▶ Input data:

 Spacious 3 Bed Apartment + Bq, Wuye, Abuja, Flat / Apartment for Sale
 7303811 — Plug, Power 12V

...

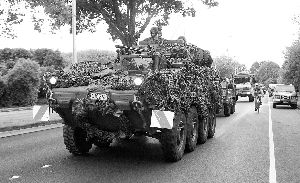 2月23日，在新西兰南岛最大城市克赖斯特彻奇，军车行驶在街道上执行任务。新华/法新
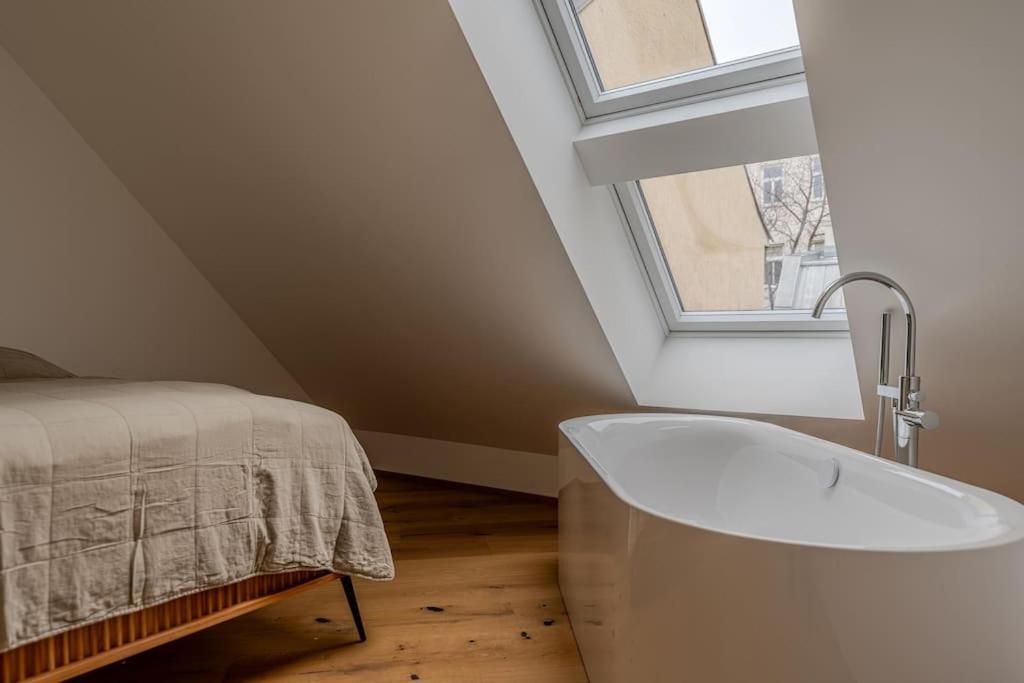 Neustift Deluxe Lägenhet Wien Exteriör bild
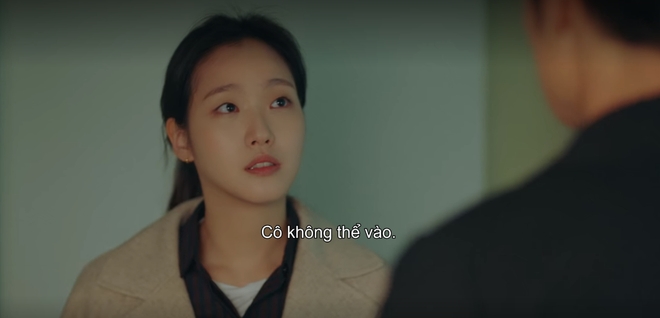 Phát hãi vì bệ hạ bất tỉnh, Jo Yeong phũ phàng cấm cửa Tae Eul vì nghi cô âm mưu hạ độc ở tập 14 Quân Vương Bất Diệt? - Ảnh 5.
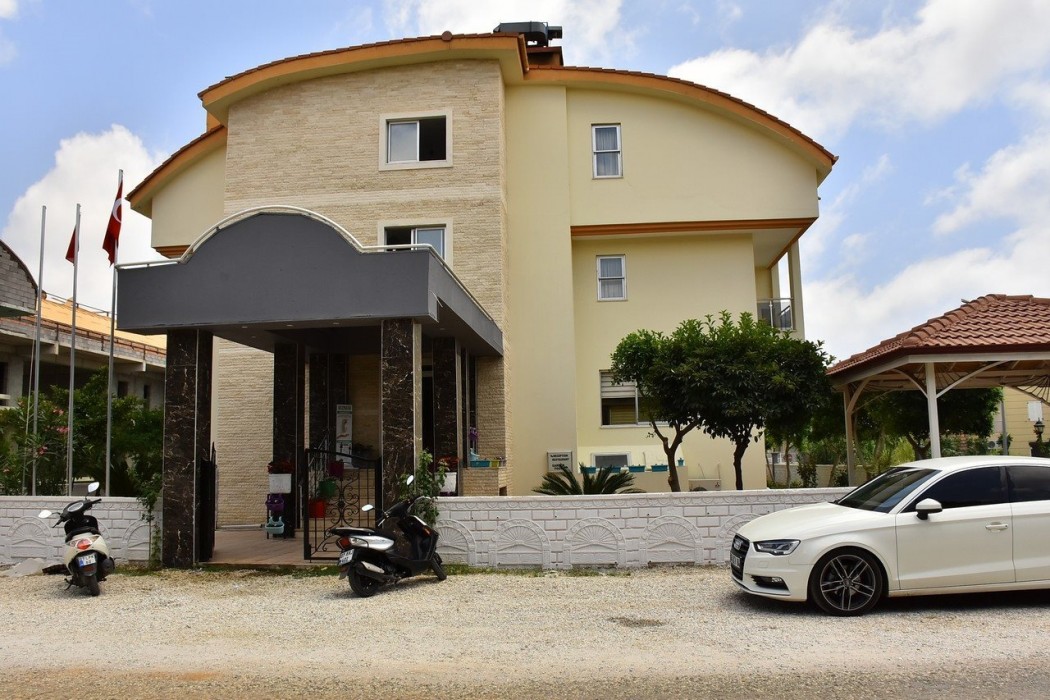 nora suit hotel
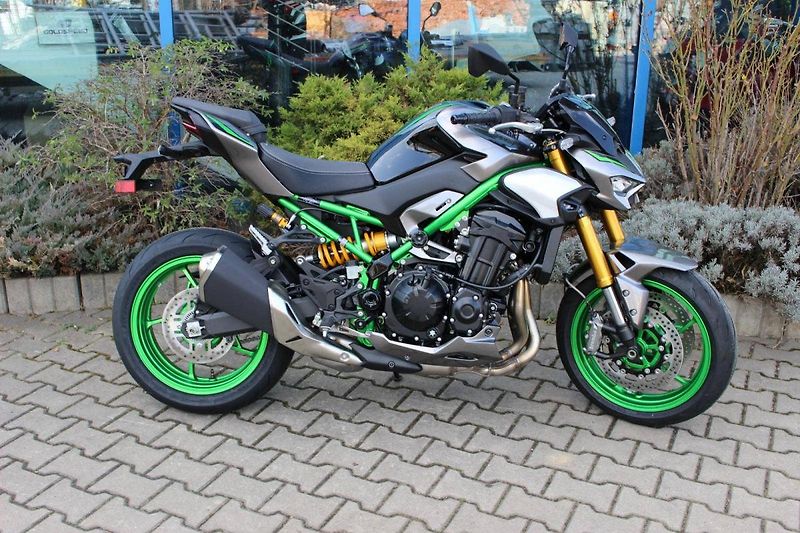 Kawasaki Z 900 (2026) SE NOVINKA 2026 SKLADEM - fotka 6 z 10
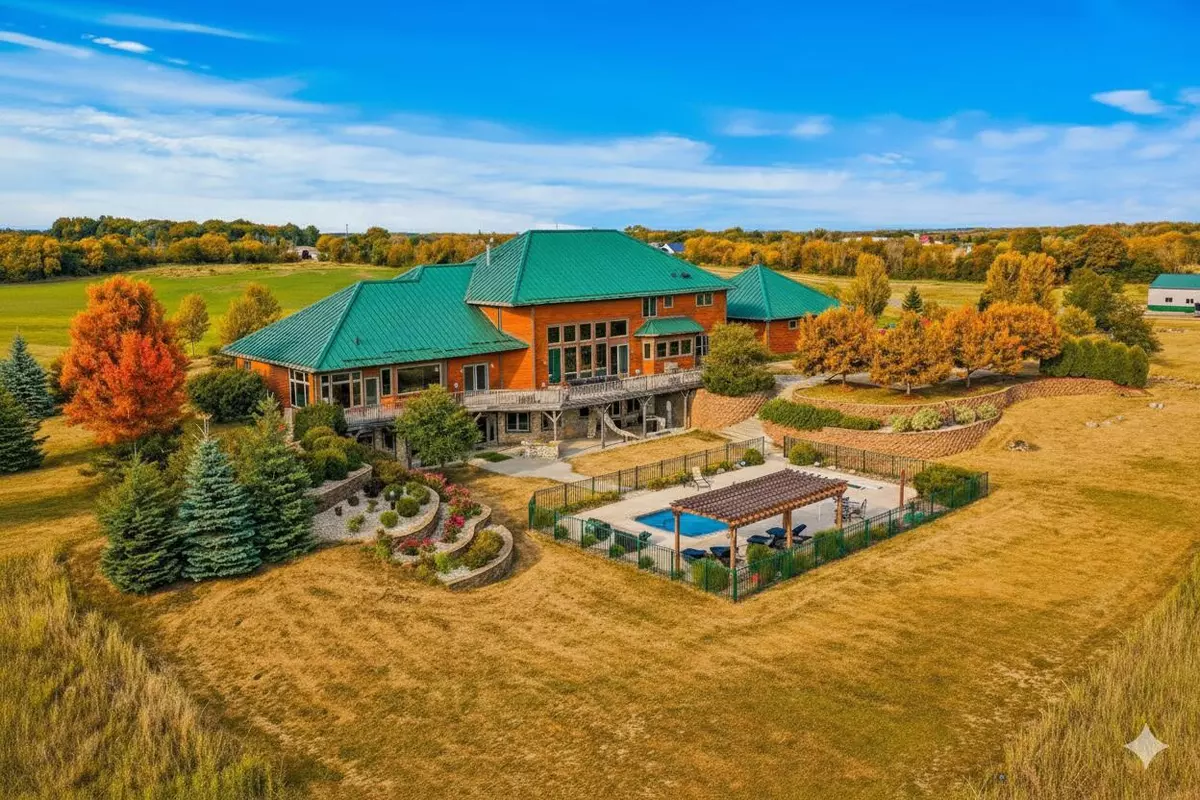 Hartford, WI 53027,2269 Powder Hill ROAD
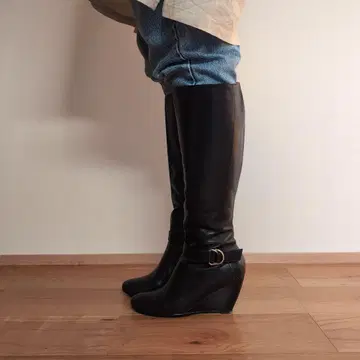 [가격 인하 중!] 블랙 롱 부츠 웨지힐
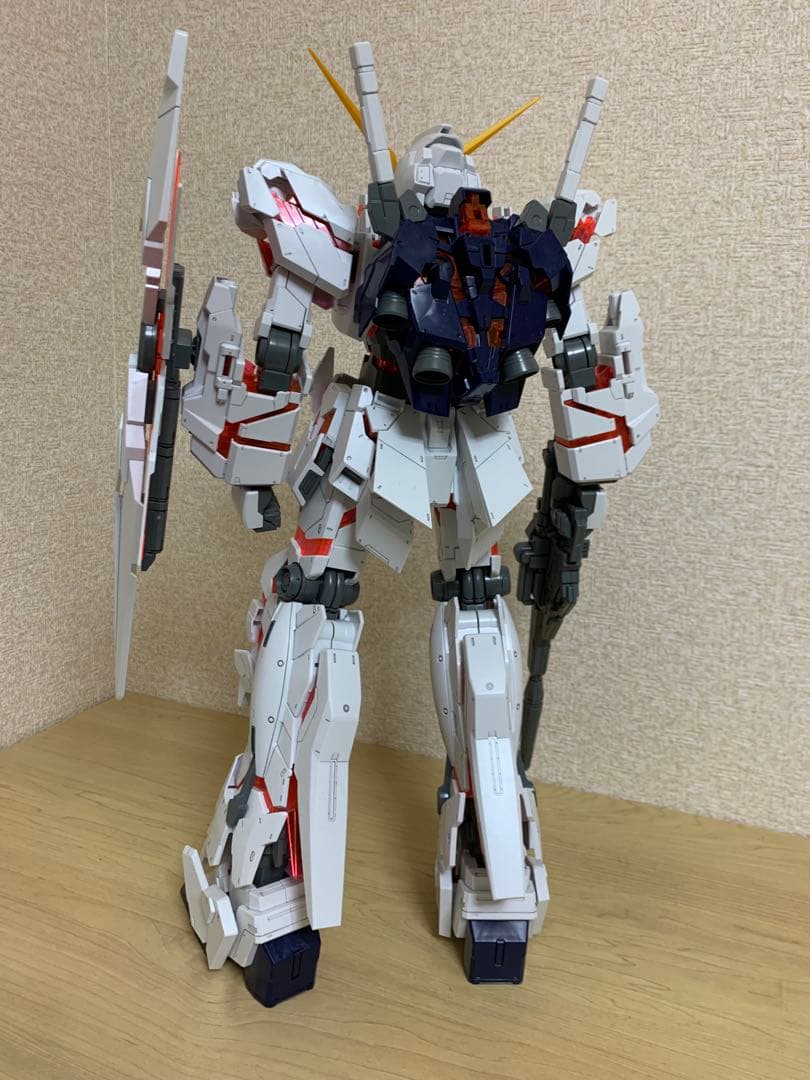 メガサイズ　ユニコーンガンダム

▶ Task to carry out: All that should be written out is the stretch of lines above between the one holding "Spacious 3 Bed" and the one holding "7303811 — Plug, Power 12V", inclusive, exactly as given.

▶ Exercise output:
 Spacious 3 Bed Apartment + Bq, Wuye, Abuja, Flat / Apartment for Sale
 7303811 — Plug, Power 12V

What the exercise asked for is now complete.